You can remember how cognitive therapy will benefit you with ABC: adversity, belief, consequences. When you encounter adversity, a belief arises, and consequent feelings and actions occur. Your best friend hasn't returned your phone calls, so you think "They must hate me," and you're depressed all day.

In the moment, distracting yourself from a distressing negative belief can help provide relief. But in the long term, shifting negative beliefs help to shift the consequences of adversity. When you notice a negative belief arise, ask what you're saying to yourself. If the belief is accurate, concentrate on the ways you can alter the situation to mitigate the effects of the adversity.

Negative beliefs are often distortions of reality, and disputation is the best tool to help you change your interpretations of adversity. To dispute your negative beliefs, recall evidence that challenges the belief, consider alternative explanations for the adversity, ask yourself what the implications are if the belief is correct, and think about how useful it is to believe the belief.

As you tackle your ABCs with D, disputation, observe how you become energized as you succeed in dealing with your negative beliefs. Try to record them in a journal, or tell someone close to you, or just reflect on them as you lay down to sleep. Give yourself the gift of enjoying the positive changes you make in your thinking.
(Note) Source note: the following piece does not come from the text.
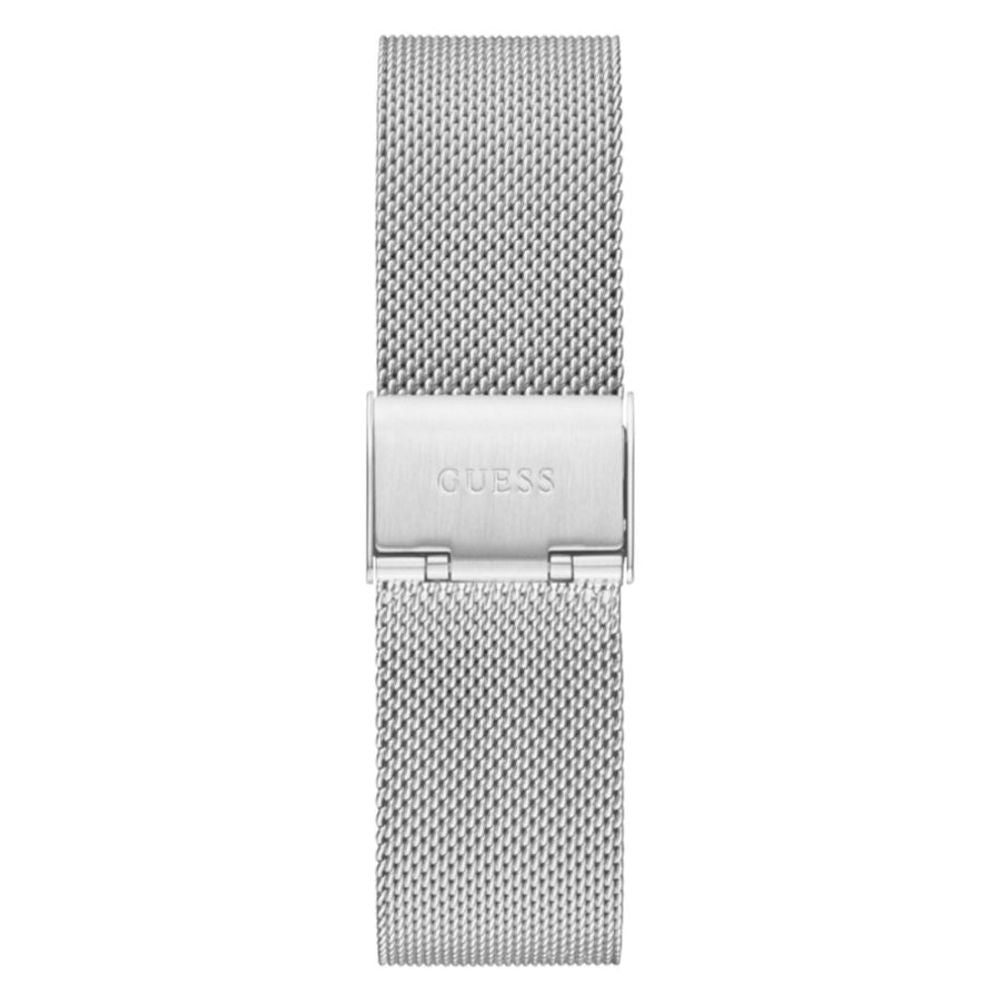 Guess Gray Stainless Steel Watch GUGW0343L1AC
On average, optimists achieve more, have better overall health, and enjoy their lives more than pessimists. However, a balance of optimism and realism is wise. An undeterred optimist might stick with a bad business idea for too long: "My shrinking customer base is just temporary. This major feature isn't panning out but the product overall is great. No one else is supporting my idea but they were probably distracted today." Be optimistic about your ability to figure out when to temper your unbridled optimism.

Miracle of modern miracles, I have the conversation with one of the hostel owners about my missed shift:

"Oki problem solved 👍" What a simple and healing mantra. Even when the problem is not solved, it's oki 👍. That's optimism at its core.

I still sentence myself to needless bouts of pessimism, I'm human. But I've gotten better at catching myself in the act, at negotiating for a lighter sentence and early release for good behavior. You can do the same, if you want.



The ideas in this essay are taken from Learned Optimism by Martin Seligman. This essay is my submission for Tasshin Fogleman's essay contest.